フラワーガーデンへようこそ〜優しい愛をあなたに〜
2月 ヒデンス(花言葉:調和)
今は2月。真冬の今、気温はマイナス。外はチラチラと雪が舞っていた。

ここは、『フラワーガーデン』という名の花屋。街中だと言うのに大きな庭園があり、その奥に洋風な佇まいの家があり、その一階は、色とりどりの花が置かれている。

ここの経営者は、西薗 薫(にしぞのかおる)26歳。女のような名前だが、れっきとした男だ。

その容姿も、誰もが認める美男子だ。イタリア人の母と、日本人の父を持つ薫。父は外交官で裕福な家庭で、16歳までイタリアに住んでいたが、それ以降はずっと日本に住んでいる。

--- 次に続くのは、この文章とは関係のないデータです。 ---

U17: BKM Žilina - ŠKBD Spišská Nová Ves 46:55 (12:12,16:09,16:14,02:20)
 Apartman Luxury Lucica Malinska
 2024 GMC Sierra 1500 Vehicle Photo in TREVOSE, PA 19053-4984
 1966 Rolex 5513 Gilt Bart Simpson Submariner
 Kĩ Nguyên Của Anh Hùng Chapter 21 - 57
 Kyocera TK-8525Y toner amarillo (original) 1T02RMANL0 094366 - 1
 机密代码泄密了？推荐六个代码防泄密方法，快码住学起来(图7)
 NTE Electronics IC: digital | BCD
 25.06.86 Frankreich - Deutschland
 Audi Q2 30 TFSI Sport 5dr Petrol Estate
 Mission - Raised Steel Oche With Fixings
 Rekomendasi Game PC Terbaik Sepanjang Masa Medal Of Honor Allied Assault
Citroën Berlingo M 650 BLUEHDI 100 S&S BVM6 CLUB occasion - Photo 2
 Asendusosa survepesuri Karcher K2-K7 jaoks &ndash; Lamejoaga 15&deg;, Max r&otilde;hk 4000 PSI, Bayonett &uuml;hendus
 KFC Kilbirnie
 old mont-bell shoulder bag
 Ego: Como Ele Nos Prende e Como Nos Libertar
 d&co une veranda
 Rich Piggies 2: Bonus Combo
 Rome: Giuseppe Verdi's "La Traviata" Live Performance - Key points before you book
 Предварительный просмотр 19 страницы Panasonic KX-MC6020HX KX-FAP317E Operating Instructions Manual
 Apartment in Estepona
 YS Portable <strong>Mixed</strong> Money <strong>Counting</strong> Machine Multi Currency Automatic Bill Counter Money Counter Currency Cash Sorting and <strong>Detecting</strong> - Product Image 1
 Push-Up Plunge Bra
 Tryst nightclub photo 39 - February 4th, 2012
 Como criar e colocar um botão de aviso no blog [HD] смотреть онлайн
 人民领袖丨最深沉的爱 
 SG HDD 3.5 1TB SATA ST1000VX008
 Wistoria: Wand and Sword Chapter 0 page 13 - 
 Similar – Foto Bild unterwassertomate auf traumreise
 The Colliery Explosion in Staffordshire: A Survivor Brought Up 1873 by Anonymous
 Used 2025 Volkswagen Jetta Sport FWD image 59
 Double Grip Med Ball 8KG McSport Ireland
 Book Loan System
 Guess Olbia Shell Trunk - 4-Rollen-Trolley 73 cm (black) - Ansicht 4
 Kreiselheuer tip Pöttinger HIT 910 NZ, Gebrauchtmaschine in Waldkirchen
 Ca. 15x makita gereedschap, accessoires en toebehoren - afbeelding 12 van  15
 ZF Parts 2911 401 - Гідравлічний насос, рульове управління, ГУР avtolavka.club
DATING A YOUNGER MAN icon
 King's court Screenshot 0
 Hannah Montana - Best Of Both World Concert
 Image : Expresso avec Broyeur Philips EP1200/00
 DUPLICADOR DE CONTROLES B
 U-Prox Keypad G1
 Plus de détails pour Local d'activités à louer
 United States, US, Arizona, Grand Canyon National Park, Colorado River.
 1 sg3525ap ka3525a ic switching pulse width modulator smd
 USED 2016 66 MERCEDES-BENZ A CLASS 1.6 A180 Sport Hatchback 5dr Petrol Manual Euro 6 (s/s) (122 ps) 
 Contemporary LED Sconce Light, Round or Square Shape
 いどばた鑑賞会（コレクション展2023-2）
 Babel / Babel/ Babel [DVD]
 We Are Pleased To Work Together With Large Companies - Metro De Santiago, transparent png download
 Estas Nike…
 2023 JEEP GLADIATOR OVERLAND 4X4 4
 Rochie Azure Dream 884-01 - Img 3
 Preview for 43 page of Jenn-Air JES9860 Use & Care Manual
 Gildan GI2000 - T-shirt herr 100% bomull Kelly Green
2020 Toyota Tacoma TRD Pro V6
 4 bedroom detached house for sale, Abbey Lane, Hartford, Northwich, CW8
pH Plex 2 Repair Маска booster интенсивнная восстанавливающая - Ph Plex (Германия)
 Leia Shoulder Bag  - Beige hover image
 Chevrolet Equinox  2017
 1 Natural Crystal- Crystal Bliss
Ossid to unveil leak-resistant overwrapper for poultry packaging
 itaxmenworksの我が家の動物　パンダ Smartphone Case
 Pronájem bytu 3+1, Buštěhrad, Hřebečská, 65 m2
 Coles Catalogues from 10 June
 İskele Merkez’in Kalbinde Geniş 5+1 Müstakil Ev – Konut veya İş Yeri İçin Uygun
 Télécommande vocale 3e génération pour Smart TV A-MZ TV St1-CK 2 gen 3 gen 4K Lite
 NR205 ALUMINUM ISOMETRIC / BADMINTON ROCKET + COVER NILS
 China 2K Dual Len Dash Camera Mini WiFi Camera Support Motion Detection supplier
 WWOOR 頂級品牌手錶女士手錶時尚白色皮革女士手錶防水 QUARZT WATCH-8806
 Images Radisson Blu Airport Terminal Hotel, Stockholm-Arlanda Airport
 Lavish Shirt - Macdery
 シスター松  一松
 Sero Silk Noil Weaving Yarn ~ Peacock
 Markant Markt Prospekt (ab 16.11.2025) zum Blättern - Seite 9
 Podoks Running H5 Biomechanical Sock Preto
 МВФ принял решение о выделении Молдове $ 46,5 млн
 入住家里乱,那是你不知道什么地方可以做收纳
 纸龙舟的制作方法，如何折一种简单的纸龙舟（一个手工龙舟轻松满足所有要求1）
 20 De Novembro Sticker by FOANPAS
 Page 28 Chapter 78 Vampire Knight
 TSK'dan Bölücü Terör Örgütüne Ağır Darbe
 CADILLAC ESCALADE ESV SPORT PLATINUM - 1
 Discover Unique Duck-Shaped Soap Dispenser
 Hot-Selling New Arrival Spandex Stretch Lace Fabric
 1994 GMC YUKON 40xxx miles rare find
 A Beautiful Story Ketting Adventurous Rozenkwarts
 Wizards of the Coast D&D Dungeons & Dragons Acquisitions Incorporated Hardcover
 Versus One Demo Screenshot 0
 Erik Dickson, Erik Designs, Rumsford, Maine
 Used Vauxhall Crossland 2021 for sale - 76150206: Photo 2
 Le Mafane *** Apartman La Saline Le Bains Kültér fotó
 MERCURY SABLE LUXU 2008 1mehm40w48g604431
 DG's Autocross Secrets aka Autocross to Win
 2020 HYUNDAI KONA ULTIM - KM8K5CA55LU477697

今は、両親はまた、イタリアに住んで、薫は一人でこの大きな庭園のあるこの屋敷に、花屋を営みながら、静かに暮らしていた。

(…ぁ、また来てる)

薫は、昨年の2月から、毎月1日に花を買いに来る綺麗な女性が気になっていた。

「…いらっしゃいませ。今日はどのようなお花をお求めですか?」

「…そうですねぇ。この可愛いお花はなんですか?」

そう言って、一つの花を指差した。

「あぁ、それは『ヒデンス』という花ですよ。ウィンターコスモスの名で親しまれていて、花が少ない晩秋にも楽しめる貴重な花なんです。ここにある黄色が有名ですが、白い花びらに斑点の入ったものもあるんです」

薫の説明に耳を傾け、ヒデンスを目で楽しんでいる。彼女はいつもそうだ。花を手に取り、毎回花の説明を聞く。それは親身になって。